Du côté des recommandations, l’American Diabetes Association reste claire : consommer des pommes ou d’autres fruits n’est pas déconseillé, même pour les personnes concernées par le diabète. Leur teneur en sucre ne justifie pas de les bannir.

Les atouts de la pomme

Une pomme moyenne, c’est environ 25 g de glucides, mais aussi une belle dose de fibres. Sa pectine, fibre particulière, aide à réguler le transit en retenant l’eau : les selles gagnent en volume et l’intestin fonctionne mieux. Mais ce n’est pas tout. La pectine, une fois arrivée dans l’estomac, se transforme en gel. Résultat : l’appétit se calme, la sensation de satiété s’installe durablement.

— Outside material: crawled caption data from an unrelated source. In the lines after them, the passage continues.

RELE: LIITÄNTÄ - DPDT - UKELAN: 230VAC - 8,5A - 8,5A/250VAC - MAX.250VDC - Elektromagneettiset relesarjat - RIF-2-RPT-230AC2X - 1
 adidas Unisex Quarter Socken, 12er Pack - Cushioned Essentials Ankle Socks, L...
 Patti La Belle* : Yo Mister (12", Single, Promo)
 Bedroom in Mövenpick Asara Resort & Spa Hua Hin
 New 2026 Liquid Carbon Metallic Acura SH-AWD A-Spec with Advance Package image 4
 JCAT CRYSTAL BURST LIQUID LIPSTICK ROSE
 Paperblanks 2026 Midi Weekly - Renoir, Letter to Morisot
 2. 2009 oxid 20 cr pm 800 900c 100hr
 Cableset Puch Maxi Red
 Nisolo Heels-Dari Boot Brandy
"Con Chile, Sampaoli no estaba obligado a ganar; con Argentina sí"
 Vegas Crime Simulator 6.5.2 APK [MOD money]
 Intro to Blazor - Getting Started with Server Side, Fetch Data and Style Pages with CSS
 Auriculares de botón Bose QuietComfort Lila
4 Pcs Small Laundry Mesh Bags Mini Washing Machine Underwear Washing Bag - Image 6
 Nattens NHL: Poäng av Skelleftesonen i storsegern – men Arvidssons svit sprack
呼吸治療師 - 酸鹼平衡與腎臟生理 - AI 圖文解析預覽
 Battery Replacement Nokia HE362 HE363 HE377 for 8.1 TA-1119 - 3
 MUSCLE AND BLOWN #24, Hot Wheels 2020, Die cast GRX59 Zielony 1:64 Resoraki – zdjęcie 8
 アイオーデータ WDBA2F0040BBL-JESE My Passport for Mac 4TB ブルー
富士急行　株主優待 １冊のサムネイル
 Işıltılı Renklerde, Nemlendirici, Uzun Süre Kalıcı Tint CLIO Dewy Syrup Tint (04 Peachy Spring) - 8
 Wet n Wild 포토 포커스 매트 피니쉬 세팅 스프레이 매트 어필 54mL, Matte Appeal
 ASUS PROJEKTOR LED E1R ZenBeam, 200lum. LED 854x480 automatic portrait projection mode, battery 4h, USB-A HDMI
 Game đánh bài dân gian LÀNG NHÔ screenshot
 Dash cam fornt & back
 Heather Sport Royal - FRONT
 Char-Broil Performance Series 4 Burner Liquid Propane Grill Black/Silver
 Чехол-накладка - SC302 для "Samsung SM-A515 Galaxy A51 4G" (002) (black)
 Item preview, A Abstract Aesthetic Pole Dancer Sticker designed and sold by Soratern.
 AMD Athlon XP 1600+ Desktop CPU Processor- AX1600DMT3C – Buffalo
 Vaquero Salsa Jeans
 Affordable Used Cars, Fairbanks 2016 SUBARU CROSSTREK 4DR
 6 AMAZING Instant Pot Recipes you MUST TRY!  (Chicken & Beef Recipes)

Autre point fort : la pomme reste peu calorique tout en fournissant des vitamines (notamment la vitamine C) et des minéraux variés. Pour profiter pleinement de ses propriétés, mieux vaut garder la peau : c’est là que la vitamine C se concentre.

La pomme se distingue aussi par sa richesse en flavonoïdes, dont la phlorétine. Plusieurs travaux scientifiques ont montré que cette molécule freine la multiplication de certaines cellules cancéreuses en déclenchant leur autodestruction programmée.

Impact direct sur la gestion de la glycémie

La pectine a plus d’un tour dans son sac. En ralentissant l’absorption du sucre au niveau intestinal, elle régule la glycémie au fil de la journée. Son action ne s’arrête pas là : elle piège également une partie des graisses et des sucres. Pour les personnes diabétiques, la pomme devient alors un atout dans la stabilisation du poids et la maîtrise du taux de glucose.

Favoriser une alimentation riche en légumes et en fruits reste un choix judicieux, surtout pour ceux qui doivent composer avec le diabète ou qui présentent un risque accru.

Diabète : quels fruits privilégier ?

Les recommandations encouragent la consommation quotidienne de cinq portions de fruits et légumes. Pour les diabétiques, aucun fruit n’est à rayer définitivement du menu. La majorité présente un indice glycémique bas, grâce à la présence de fibres et de fructose. Cependant, il reste préférable de mettre l’accent sur ceux dont l’indice glycémique est faible ou modéré. Voici ceux à privilégier :

  • Fruits rouges
  • Fruits de la passion
  • Agrumes
  • Grenade
  • Poire
  • Oranges
  • Avocat
  • Banane
  • Mangue
  • Papaye
  • Kiwi
  • Ananas
  • Melon
  • Fruits à noyau (abricot, prune, pêche…)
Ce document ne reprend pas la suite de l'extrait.